As principais características da soap opera mantiveram-se até hoje: elenco permanente de actores, continuidade da intriga, ênfase no diálogo em vez da acção, ritmo mais lento do que a vida e tratamento marcadamente sentimental ou melodramático. Nas duas primeiras décadas, o argumento andava sempre em torno duma família branca de classe média numa cidadezinha. O pecado e a violência, sempre fora de cena, afectavam amiúde as vidas quotidianas das famílias, mas o bem inevitavelmente triunfava. A base da novela no diálogo associava-se à inserção da narrativa numa comunidade, em locais onde a interacção é dialógica, como os lares, hospitais e locais de trabalho.
Em Portugal, o teatro radiofónico surgiu nos anos 1930 na Emissora Nacional, do Estado, mas o primeiro folhetim só surgiu após a Segunda Guerra. Nem por acaso foi As Pupilas do Senhor Reitor, de Júlio Dinis. Convém um flashback, que as Pupilas merecem. Não apenas são uma ficção de perfeita construção dramática e de elegantíssima tensão na relação entre personagens, como Júlio Dinis atingiu aí o auge da sua produção folhetinesca. As Pupilas saíram em folhetim no Jornal do Porto em 1866. Os capítulos, cheios de diálogos desprendidos do narrador, terminam com suspense e interrogações. "Que mais irá acontecer?", perguntava a leitora. A resposta obtinha-se comprando o jornal no dia seguinte. O autor começara a escrever folhetins para aquele diário em 1862. Logo o primeiro, As Apreensões de uma Mãe, apresentou-o como um "daguerreótipo", uma fotografia dos costumes do Minho: criar d'après nature, segundo a natureza, era essencial para o êxito do novo género literário. O naturalismo fotográfico dos ambientes e das personagens (não necessariamente das narrativas) era o destino do folhetim. O romance-folhetim "pretende confundir-se com a vida", escreveu Maria Ema Tarracha Ferreira. Júlio Dinis, que escreveu diversos folhetins na sua curta vida, defendia que "é deste género de literatura que o povo precisa", por fornecer-lhe "subsistência intelectual". Antes da rádio, as Pupilas tiveram versão no teatro logo em 1868: a transposição de um medium para outro, hoje corrente entre literatura e cinema, era habitual com a chegada dos êxitos literários ao teatro. Outro exemplo: L'Assommoir (A Taberna), romance da série naturalista de Émile Zola, saiu como folhetim em 1876, em livro no ano seguinte e, depois do êxito e do escândalo, estava numa sala parisiense em 1879. As Pupilas também conheceram dezenas de edições em livro (32.ª em 1943) e duas versões no cinema. Já no século XXI voltaram a originar um seriado, desta vez a televisão (João Semana, RTP1, 2005).

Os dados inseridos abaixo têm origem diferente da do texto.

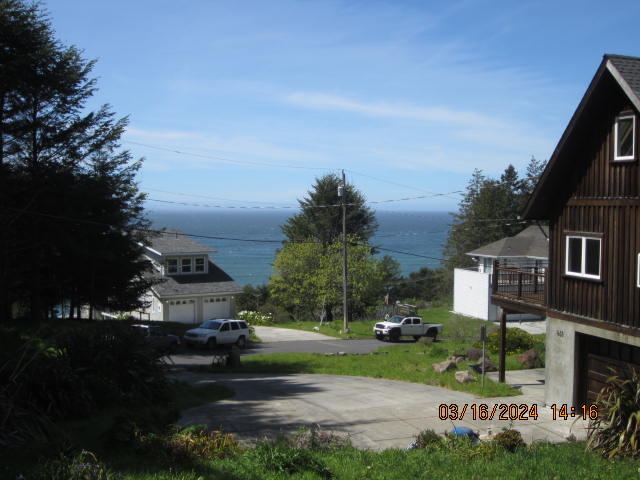 307 Ridge Road Shelter Cove, CA 95589 - Photo 1 of 1 Gallery Image 1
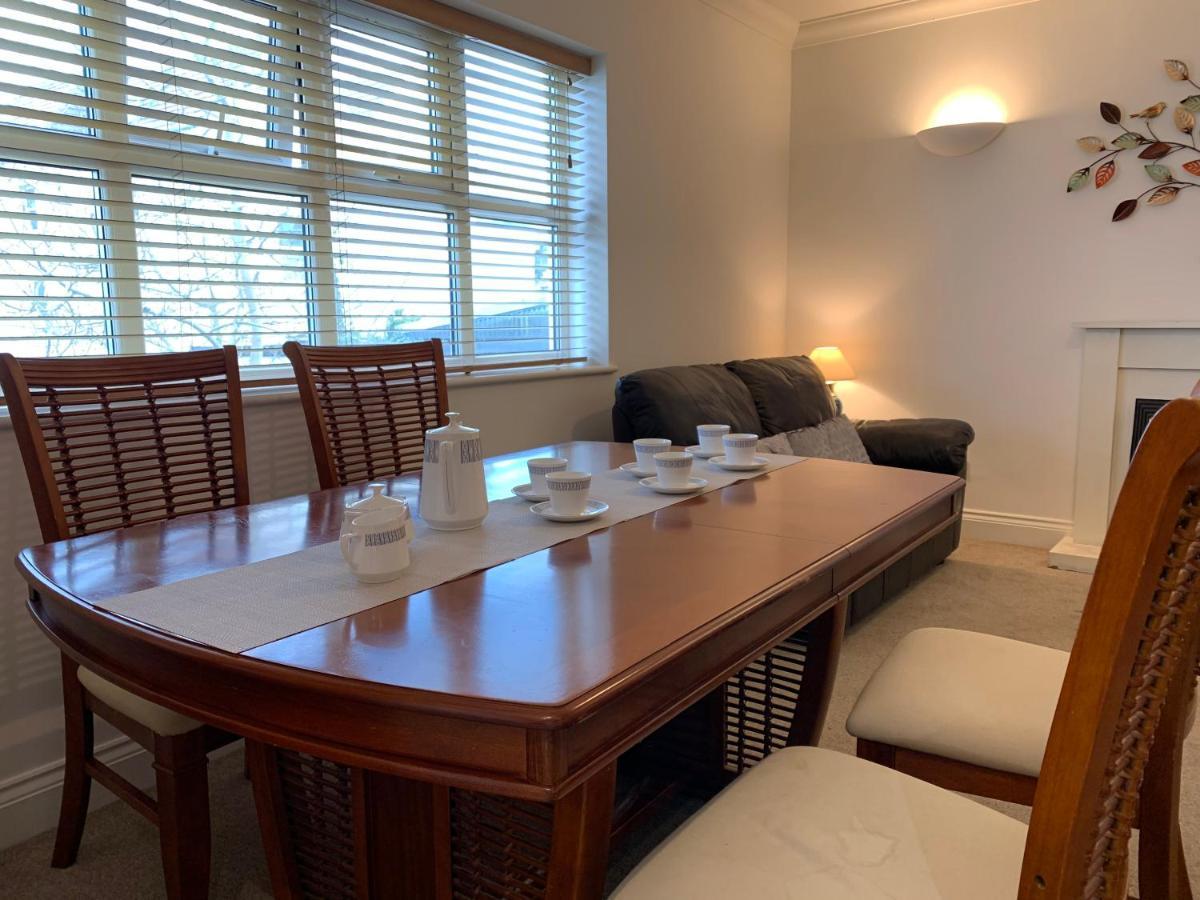 Bournemouth Beachfront Retreat 3 Bedroom 3 Bathroom Seaside B&B With Free Parking Exterior foto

Depois das Pupilas fizeram-se folhetins na rádio de 1954 a 1974. A maioria baseou-se em argumentos originais de Alice Ogando, Odette de Saint-Maurice e outros, mas as adaptações realizadas revelam a relação forte com o folhetim jornalístico: Camilo, Dumas, Walter Scott, Dickens e Júlio Dinis. Alice Ogando, viúva do comediógrafo André Brun, d'A Vizinha do Lado e A Maluquinha de Arroios, começara a escrever para sobreviver. Foi a Barbara Cartland portuguesa, tendo criado literatura cor-de-rosa sob o apropriado e extraordinário pseudónimo Mary Love. Adaptou os Três Mosqueteiros, de Dumas, em 1955; no ano seguinte Saint-Maurice adaptou a sua continuação, Vinte Anos Depois, e Ogando contra-atacou com a terceira parte da saga folhetinesca de Dumas, O Visconde de Bragelonne. A Emissora apresentou 10 a 13 folhetins por ano entre 1958 e 1974.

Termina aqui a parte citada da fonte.